The security situation was not quite this quiet before the spring militia uprising, but it was close. “As we came in last fall,” McLamb explained, “the situation was changing from a kinetic, lethal fight to much more precise targeting,” allowing 1-502 to spend the winter focusing not so much on raiding and patrolling as on building the capabilities of the Iraqi military units in the area.
That is a far cry from the battalion’s previous tour in Iraq, which many its sergeants and captains remember with mixed emotions. On that deployment, which began in the fall of 2005 and ended a year later, 1-502 patrolled the rural Yusufiyah district, just south of Baghdad in the area then known as the “Triangle of Death.” At a small outpost in the battalion’s sector, one platoon sergeant recalled: “Any kind of IED you can imagine, we got hit with, and more than once. Mortars, small arms fire, RPGs, complex ambushes – it was hardcore al Qaeda down there, and they threw everything at us.” Half joking, he added, “It was a lot of fun.”
In June 2006, near Yusufiyah, a group of soldiers from the battalion’s Bravo Company committed one of the most brutal war crimes of which American troops in Iraq have been accused, raping a local girl and killing her family. Days later, in a retaliatory attack, Sunni insurgents kidnapped, tortured, and killed three soldiers from the same platoon.

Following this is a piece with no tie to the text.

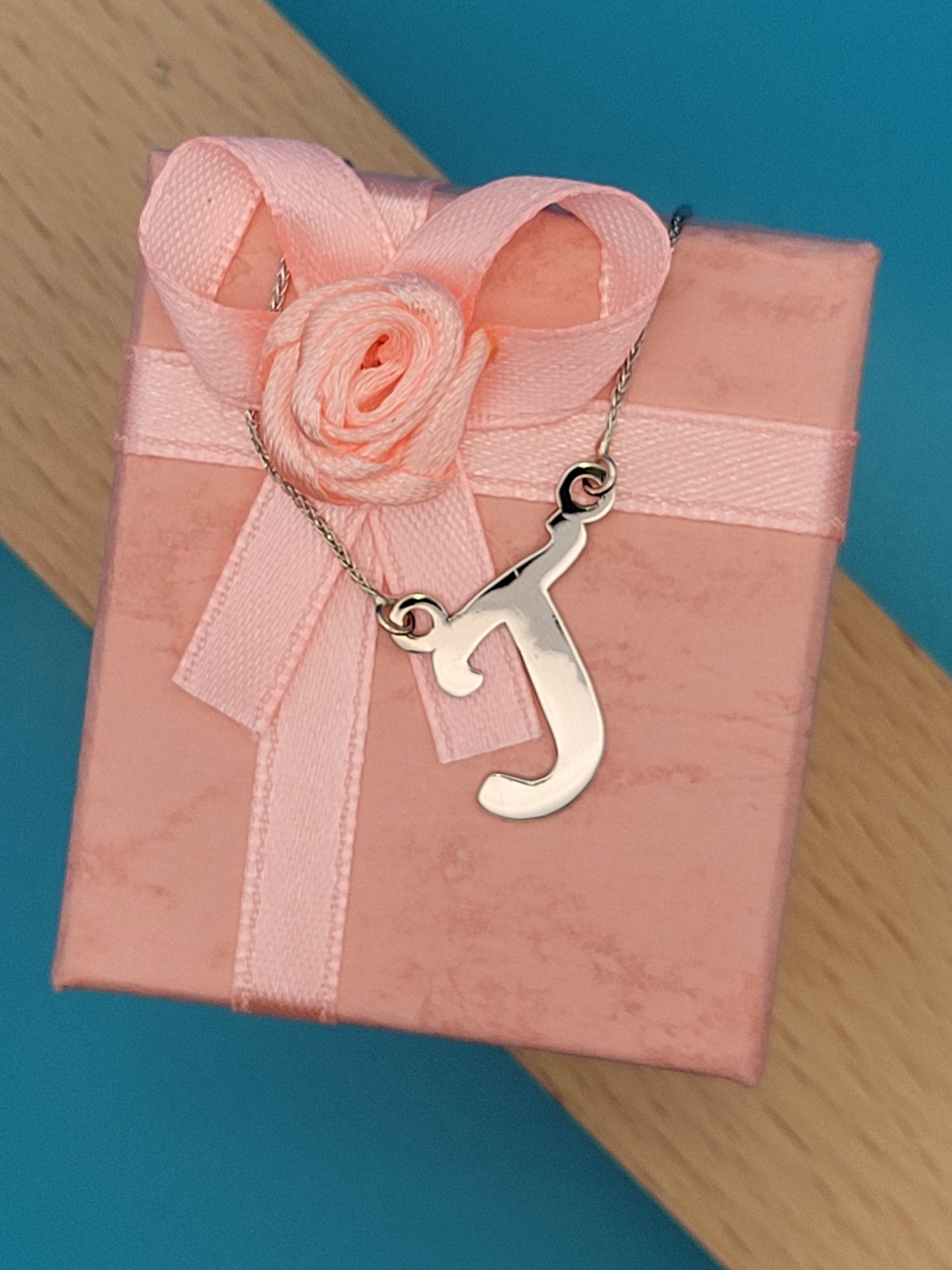 White gold 'J' necklace atop pink jewelry box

“It was hard getting out of that kinetic mindset at first,” said the platoon sergeant. “We’d been through every kind of —- down in Yusufiya, Bravo Company in particular, and when we got to this place, it took a while to adjust, to realize that your life isn’t always in danger.” A lieutenant in the battalion, who was not with the unit on its last deployment, agreed. “It definitely left its mark on some of the guys,” he said. “They’d been through one of the most kinetic environments out there, with IEDs basically everywhere, and to some extent that’s what they trained for in the run-up to this deployment, too.”
Yet 1-502 has, over the past year, come to be seen by many as a model of battalion-level counterinsurgency operations, both for its role in last spring’s fighting and for its aptitude for non-combat tasks, from training Iraqi troops to resettling displaced families. Major General Jeffery Hammond, the overall commander of American troops in Baghdad, cited the battalion repeatedly when describing what he sees as the way ahead in the Iraqi capital. And officers of 1st Batallion, 18th Infantry Regiment, the unit now rotating into Kadhimiya to replace 1-502, said that during their required course at the Taji Counterinsurgency Academy, their counterparts from the outgoing unit had done a thorough job passing on advice and lessons learned to them.

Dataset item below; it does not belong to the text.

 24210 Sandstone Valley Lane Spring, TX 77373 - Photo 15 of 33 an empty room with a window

One captain, an artillery battery commander attached to the incoming battalion, said that McLamb’s guidance in particular had been helpful. “You read all these books about counterinsurgency and Arab culture and everything before you come out here,” he observed, “and at the COIN Academy they throw around all kinds of references that go over a lot of guys’ heads. But as far as the different elements here, and how to interact with their leaders, he really just broke it down in a way that’s going to stick with me. You could tell this is a battalion that gets it – big shoes for us to fill.”
3 Comments
Outstanding work 1-502, you have continued and upheld the standards of those who came before you. Happy to hear this news. I know you will continue to make us proud in the future. God Bless you all, always in my prayers.
1-502 took part in the June 6, 1944 D-Day invasion of Normandy in World War II. It is good to hear that they are keeping up those high standards.
May God bless them all.
Good report, Wesley Morgan. Thank you. And to the 1-502, great thanks for your terrific service and commitment to the mission. Bless your hearts, you all have stood tall and now you leave big boots.